(Collected data entries)
----

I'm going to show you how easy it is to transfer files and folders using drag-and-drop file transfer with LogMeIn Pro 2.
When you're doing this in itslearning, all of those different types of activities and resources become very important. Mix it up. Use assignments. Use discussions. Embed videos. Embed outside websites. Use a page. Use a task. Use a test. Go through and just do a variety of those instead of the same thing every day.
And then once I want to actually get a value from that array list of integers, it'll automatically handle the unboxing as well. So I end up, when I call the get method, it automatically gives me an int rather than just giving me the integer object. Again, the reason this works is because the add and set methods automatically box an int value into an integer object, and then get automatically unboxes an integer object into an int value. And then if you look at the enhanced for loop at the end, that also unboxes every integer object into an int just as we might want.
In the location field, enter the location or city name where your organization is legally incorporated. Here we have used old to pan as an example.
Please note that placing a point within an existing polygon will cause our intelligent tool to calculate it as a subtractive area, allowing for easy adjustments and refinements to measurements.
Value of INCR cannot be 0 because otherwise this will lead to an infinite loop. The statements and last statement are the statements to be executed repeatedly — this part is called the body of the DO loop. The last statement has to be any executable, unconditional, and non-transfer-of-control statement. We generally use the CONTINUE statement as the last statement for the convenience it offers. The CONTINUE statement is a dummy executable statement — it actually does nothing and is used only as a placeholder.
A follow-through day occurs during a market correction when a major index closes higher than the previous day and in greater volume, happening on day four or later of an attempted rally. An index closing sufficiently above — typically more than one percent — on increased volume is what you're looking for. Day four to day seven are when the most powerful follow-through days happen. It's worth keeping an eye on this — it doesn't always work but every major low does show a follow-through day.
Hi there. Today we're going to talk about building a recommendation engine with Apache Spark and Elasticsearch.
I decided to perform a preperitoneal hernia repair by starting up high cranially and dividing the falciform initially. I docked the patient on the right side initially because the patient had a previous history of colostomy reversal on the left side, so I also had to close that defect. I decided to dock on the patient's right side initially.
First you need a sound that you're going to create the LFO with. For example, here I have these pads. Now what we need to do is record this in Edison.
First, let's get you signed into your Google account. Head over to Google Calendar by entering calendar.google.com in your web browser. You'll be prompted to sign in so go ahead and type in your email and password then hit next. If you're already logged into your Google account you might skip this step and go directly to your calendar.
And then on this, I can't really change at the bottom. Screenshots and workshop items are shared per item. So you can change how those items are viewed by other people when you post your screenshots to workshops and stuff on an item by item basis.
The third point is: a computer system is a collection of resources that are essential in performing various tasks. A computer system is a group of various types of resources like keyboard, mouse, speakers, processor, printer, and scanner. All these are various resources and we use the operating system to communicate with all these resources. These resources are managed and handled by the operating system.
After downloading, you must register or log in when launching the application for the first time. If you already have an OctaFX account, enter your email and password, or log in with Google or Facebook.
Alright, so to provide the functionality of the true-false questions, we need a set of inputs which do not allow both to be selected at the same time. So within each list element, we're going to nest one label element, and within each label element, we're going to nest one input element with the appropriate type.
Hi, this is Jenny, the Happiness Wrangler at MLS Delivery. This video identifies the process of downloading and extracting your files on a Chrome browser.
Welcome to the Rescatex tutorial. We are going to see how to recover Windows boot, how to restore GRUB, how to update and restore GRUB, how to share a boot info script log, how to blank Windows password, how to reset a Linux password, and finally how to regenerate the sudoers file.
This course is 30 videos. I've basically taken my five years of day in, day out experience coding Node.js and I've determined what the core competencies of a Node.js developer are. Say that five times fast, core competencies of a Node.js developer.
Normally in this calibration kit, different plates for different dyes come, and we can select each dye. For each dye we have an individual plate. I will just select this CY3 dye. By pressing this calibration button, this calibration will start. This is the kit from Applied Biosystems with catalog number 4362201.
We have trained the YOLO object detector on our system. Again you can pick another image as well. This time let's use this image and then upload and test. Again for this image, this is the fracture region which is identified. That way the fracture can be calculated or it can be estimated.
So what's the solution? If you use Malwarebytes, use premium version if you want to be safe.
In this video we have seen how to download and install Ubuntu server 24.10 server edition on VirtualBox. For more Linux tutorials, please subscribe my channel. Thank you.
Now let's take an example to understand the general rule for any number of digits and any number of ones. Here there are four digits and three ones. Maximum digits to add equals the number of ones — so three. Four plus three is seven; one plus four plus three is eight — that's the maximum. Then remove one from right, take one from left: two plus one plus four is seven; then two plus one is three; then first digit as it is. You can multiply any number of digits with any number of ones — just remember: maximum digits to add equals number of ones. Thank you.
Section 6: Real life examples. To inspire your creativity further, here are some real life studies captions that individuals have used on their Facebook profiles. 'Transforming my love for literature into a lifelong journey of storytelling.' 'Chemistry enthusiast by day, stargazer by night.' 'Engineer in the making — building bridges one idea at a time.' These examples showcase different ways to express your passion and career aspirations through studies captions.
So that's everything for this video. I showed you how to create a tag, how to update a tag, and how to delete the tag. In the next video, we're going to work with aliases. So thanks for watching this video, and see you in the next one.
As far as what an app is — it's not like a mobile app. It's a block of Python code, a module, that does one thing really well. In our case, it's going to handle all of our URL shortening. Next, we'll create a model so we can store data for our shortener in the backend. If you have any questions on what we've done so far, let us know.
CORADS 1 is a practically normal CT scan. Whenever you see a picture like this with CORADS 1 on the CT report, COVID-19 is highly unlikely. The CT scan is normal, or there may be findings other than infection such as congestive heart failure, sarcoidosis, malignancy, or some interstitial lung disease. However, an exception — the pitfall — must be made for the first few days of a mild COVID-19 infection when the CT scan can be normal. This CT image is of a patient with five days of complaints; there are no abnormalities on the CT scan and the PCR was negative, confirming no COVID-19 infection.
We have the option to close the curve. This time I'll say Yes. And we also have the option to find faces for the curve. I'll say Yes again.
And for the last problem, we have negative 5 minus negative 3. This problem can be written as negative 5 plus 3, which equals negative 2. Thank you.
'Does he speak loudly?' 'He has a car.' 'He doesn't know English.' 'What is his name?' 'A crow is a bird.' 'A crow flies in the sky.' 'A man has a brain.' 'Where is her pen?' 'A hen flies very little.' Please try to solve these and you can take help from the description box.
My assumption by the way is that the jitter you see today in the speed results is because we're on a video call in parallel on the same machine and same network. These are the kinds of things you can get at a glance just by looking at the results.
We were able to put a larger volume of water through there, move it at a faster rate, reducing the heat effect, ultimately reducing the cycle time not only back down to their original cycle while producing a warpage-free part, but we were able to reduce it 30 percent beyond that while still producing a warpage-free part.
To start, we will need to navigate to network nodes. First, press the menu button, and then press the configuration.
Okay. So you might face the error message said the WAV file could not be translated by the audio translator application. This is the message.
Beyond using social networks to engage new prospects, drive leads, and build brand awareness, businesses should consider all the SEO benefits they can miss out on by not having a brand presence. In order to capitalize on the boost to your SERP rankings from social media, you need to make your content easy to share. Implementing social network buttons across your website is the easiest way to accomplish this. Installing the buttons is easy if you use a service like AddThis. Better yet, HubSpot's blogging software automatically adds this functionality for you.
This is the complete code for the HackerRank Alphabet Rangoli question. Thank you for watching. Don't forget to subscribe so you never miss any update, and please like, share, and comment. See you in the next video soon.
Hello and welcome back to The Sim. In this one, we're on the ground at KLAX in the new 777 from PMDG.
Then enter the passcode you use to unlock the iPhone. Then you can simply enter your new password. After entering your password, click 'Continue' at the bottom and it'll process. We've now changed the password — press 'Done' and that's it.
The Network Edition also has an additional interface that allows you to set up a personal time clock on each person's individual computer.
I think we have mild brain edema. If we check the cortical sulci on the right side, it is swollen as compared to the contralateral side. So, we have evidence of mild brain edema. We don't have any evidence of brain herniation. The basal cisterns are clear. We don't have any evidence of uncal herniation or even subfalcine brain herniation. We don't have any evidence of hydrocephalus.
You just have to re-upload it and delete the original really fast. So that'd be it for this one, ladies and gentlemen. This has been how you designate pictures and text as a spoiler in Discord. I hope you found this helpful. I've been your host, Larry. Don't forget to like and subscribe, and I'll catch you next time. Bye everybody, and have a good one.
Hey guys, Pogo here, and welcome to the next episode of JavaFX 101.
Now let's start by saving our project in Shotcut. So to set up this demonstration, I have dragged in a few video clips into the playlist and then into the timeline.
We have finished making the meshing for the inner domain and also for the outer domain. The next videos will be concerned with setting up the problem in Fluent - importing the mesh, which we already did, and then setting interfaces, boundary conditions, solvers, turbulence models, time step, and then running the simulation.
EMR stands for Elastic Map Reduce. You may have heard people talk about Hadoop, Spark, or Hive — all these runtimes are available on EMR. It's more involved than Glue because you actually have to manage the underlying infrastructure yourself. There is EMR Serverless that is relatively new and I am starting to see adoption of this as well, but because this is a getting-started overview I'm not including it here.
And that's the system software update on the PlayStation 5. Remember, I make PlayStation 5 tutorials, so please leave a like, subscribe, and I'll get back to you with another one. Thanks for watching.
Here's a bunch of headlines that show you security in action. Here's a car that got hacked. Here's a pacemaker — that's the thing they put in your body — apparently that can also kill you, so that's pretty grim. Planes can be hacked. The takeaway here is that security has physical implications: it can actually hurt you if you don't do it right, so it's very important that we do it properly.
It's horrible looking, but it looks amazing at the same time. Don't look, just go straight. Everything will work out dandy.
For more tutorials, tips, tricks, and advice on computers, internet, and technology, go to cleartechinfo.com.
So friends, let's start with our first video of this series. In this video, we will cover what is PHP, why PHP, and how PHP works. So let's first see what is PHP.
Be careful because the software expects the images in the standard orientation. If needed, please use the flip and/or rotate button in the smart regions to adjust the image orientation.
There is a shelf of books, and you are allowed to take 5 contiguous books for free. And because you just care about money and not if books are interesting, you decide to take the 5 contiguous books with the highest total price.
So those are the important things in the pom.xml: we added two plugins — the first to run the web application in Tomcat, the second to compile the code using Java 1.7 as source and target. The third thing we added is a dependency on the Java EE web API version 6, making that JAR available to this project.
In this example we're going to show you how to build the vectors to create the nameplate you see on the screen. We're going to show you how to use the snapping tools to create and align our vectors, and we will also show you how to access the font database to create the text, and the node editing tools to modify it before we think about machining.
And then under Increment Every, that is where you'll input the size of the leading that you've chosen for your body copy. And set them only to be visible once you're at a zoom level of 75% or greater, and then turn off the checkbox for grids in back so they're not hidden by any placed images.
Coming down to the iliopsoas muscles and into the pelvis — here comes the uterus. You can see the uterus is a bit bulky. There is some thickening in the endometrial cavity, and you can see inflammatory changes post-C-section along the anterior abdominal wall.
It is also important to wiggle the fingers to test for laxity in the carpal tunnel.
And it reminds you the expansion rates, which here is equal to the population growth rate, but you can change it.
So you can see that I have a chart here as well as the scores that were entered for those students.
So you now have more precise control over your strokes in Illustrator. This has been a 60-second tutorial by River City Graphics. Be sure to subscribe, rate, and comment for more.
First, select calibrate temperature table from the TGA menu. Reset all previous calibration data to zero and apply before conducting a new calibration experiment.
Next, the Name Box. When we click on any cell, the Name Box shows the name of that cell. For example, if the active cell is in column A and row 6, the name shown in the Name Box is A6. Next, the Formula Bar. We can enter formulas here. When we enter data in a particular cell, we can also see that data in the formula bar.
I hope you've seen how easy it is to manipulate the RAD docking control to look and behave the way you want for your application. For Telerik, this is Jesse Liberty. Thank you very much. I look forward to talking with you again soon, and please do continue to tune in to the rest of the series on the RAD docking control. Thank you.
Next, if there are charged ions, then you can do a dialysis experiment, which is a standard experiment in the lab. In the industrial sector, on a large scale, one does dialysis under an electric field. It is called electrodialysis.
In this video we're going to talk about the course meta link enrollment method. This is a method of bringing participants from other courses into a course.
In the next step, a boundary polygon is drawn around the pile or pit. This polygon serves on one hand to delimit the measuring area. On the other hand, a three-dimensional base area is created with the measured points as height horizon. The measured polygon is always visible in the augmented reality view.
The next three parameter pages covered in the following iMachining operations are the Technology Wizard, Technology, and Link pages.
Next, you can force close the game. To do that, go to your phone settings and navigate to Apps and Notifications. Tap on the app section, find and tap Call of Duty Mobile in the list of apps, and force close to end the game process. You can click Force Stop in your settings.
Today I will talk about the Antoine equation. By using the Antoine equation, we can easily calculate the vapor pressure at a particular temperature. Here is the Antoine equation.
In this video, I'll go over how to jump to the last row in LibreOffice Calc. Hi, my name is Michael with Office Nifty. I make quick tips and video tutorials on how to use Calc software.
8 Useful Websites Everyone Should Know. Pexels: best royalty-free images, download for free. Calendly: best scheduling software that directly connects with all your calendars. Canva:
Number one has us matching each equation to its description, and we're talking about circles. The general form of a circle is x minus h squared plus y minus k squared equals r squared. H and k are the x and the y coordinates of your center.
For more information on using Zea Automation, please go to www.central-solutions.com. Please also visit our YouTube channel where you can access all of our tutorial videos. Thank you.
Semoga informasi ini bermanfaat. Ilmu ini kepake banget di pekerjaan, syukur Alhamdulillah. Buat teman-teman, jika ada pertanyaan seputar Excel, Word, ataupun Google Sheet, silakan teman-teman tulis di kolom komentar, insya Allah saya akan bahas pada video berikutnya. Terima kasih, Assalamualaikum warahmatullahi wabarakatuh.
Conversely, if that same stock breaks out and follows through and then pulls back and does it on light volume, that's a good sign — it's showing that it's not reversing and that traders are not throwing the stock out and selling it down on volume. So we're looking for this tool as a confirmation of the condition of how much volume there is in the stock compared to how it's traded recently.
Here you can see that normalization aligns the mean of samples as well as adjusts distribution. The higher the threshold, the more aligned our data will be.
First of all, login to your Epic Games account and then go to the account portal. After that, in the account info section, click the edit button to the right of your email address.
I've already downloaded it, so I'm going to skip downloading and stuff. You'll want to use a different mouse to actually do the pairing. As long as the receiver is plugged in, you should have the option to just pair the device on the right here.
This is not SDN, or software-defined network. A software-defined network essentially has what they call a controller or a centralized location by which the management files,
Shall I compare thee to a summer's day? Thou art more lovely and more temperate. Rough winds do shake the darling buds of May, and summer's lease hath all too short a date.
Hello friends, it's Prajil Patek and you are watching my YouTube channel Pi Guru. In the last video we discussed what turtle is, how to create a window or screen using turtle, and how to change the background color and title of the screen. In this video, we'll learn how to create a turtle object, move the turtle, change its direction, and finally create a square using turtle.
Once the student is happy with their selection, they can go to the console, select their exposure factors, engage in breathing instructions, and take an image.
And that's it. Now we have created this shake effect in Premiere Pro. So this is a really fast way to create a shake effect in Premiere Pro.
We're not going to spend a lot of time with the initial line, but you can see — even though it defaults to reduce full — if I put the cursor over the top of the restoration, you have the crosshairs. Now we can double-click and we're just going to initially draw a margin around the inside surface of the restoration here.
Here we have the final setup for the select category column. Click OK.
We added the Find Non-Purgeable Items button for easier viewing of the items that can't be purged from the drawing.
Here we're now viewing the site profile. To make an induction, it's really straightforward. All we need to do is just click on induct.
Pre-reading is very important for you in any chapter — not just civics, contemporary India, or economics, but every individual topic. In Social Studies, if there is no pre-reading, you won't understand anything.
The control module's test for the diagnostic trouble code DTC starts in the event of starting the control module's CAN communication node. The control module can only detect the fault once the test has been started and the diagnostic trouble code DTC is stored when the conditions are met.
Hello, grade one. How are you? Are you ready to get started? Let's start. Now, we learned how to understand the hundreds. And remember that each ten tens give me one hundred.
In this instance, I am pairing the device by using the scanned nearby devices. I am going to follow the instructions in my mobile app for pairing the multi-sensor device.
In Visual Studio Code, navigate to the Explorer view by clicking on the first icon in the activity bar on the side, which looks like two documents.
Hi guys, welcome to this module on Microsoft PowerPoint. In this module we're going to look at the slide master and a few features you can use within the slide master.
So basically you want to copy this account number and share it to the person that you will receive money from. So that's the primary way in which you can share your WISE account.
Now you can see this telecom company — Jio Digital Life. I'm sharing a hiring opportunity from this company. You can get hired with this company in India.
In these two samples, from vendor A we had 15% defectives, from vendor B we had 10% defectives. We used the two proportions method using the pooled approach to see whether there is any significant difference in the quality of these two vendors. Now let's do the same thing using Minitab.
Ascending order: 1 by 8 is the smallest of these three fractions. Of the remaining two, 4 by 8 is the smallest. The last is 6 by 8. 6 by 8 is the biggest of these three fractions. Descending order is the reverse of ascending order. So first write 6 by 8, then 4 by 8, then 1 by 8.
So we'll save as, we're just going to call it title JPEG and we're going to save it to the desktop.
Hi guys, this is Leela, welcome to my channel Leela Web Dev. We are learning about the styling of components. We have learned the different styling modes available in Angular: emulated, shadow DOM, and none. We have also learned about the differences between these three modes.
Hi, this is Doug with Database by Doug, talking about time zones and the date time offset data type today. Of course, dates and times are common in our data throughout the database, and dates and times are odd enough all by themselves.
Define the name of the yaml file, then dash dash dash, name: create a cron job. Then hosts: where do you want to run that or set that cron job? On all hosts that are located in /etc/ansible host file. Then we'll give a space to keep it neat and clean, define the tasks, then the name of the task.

----

▸ **Work to complete**
Among the entries, how many lines carry "higher"? Reply with a number and nothing else.

▸ **Answer space**
2